But Grim was not done.

'The Nu,' he said. 'The chala. The chala. Was it? Wasn't it?

Well? Is it true, or isn't it?'

'He knows you now,' said Zoplin. 'I see it in his face.'

The Eye glittered in Zoplin's left-hand eye socket, and Hatch realized that Zoplin had got the thing back off Grim while Hatch had been selling his chocolate to Shona.

'He knows us,' said X'dex, dipping a finger in the blood of his knuckles and smearing that blood round his own eye sockets.

'He knows us, knows it, but won't tell the truth. It's hidden knowledge, that's what it is, just as the man said.'

'What man?' said Hatch.

'You see!' said X'dex. 'He knows!'

'What man?' said Hatch, suddenly angry. 'I charge you to tell me! What man?'

'You tell us of god,' said X'dex. 'You tell us of god, and we'll tell you the man.'

'Yes,' said Zoplin, waving a piece of his baked yam at Hatch.

'The god is the truth of it, isn't it? All men to be brothers, that was and that will be. Not some to eat dust and some to eat chocolate.'

'I don't eat chocolate,' said Hatch, stung by the accusation.

'Ho!' said Zoplin. 'But you eat what we don't eat when god would eat otherwise.'

'Nu-chala!' said Grim, using the word as a weapon, and thus revealing the import of this dialog. 'The Nu, the Nu-chalanuth!'

'You speak of a religion some many years dead,' said Hatch, trying to control his shock, trying to convince himself that his shock was mere surprise and not fear. 'It's dead, a dead faith, a faith some – some twenty millennia dead.'

'Ho!' said Zoplin. 'So.

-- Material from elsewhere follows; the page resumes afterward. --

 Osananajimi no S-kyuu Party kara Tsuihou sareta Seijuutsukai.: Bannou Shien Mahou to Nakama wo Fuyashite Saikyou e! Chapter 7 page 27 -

So you speak for the death of gods, do you?'

'An undertaker in his spare time,' said X'dex. 'Laid out the chala god then gutted his entrails for dogmeat'

'Gutting!' said Grim. 'Come burning we'll gut, we'll be gutting.'

'Come burning?' said Hatch, his worst suspicions by now aroused.

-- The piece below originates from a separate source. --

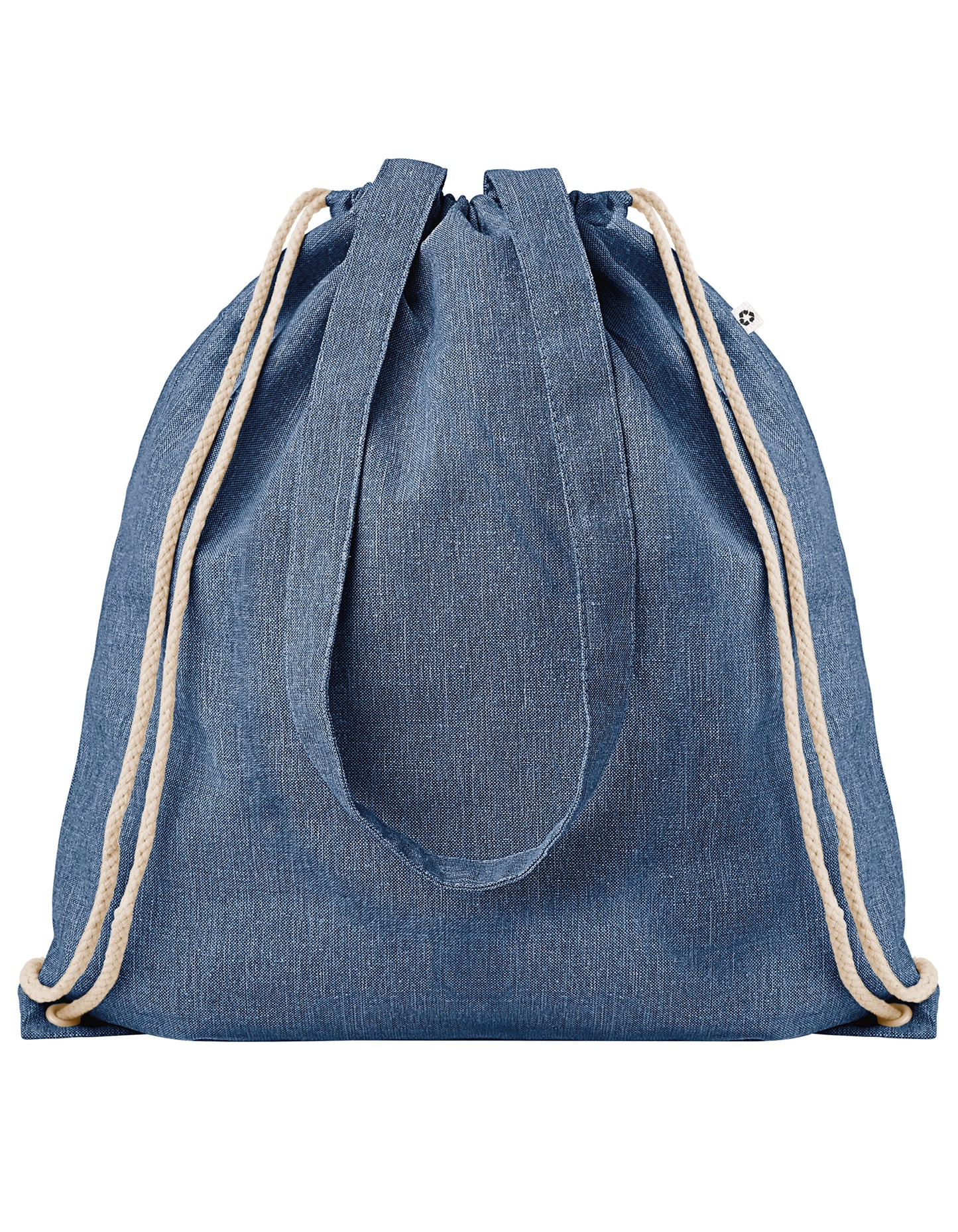 Drawstring Backpack With Handles Atlanta (LB04099)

'He talks nonsense,' said X'dex, suddenly suave in his graces, as if his earlier knuckle-biting and blood- smearing had been but a play-act. 'Accept my word, as one master of men to another. He is but a poor beggar, a thing made Unreal, so what helps him his nonsense?'

Hatch knew that by rights he should stay and shake Grim till the truth fell out of him. Someone had been talking to these beggars of the Nu-chala-nuth, of the Way of Worship. And Nu-chalanuth – why, Nu-chala-nuth was a Nexus religion which had left billions dead in the Spasm Wars. It was a fanatical Religion Militant which had burnt planets, shattered stars and wrecked the peace of the greatest transcosmic civilization known to human history.

Nu-chala-nuth!

That was strong stuff to be feeding anyone, and no stuff to be feeding the beggars of Dalar ken Halvar. Best that such doctrines sleep inside the mountain, inside the Combat College, deep in the depths of Cap Foz Para Lash. What fool had brought them to the daylight?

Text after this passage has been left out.